Coming out as polyamorous to her parents was harder than coming out as queer. April’s mom was like, “Oh, okay, so you like more than just him, that’s cool,” and that was fine. But as soon as April was like, “Yeah, well, I’m going to pursue it,” it was like, “Whoa, whoa, whoa. You can think it, you can feel it, but because you’re married, you’re not allowed to try it. You already did your thing. You aren’t allowed to experiment with it, because you had to find one person and marry them.” April’s mom is getting more and more accepting as time goes on, but it’s a learning curve. Whereas her father will never become more accepting. It seemed confusing to him, the prospect that April didn’t care what genitals people had. It was too jarring.
Because of all this, April finds it hard to relate to younger people. She can’t understand what they’re saying, their newfangled lingo. When she looks at her parents’ generation, a lot of them run the political landscape, and you get the message from them that “queer” isn’t real and you’re broken. And then if you talk to the younger kids, it’s almost like you should be so empowered with your queerness that it defines you. The older generation is still conservative and so restricting, and then Gen Z is mad at millennials for not really doing more to fix things, but then, April feels like, What were we supposed to do?

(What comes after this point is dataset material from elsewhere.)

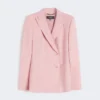 Blazer de lana elástica de doble botonadura, rosa antiguo Blazer de lana elástica de doble botonadura, rosa antiguo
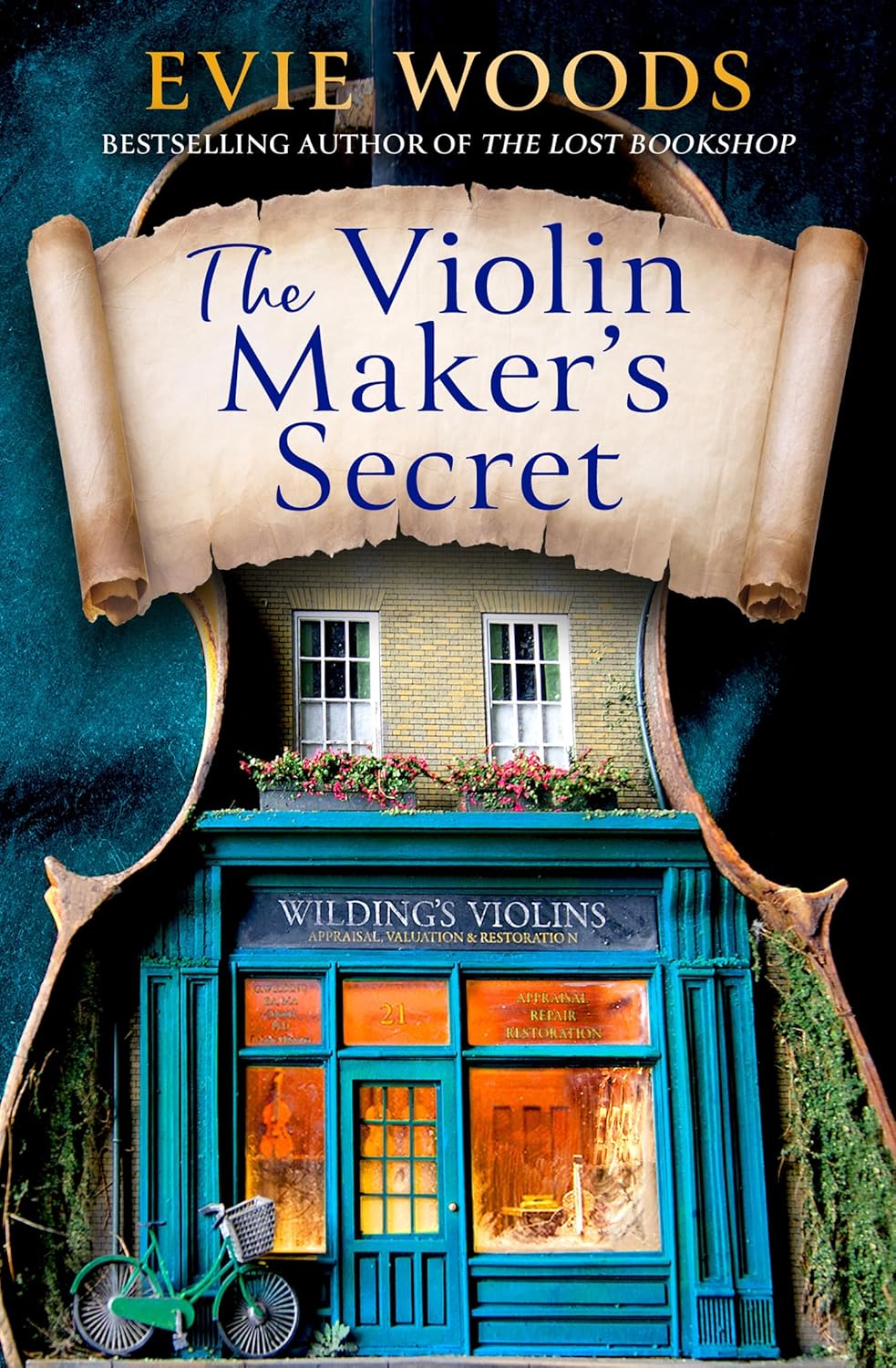 Book cover of 'The Violin Maker's Secret' by Evie Woods with a storefront illustration.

April does sex work for a living. And she sees a therapist regularly. But she still doesn’t quite know what to call herself. Learning about other people opened her eyes to other options and showed her that variations were okay. But at thirty, April feels like she’s just now learning how to be herself. When she lived with her parents, it was like, “Discover who you are, to be that thing right away, so you can be perfect and get your life on track.” Now her life is enjoying and discovering who she is, seeing who she wants to be, taking it at a pace that works for her and doing what she wants—not doing something for somebody else.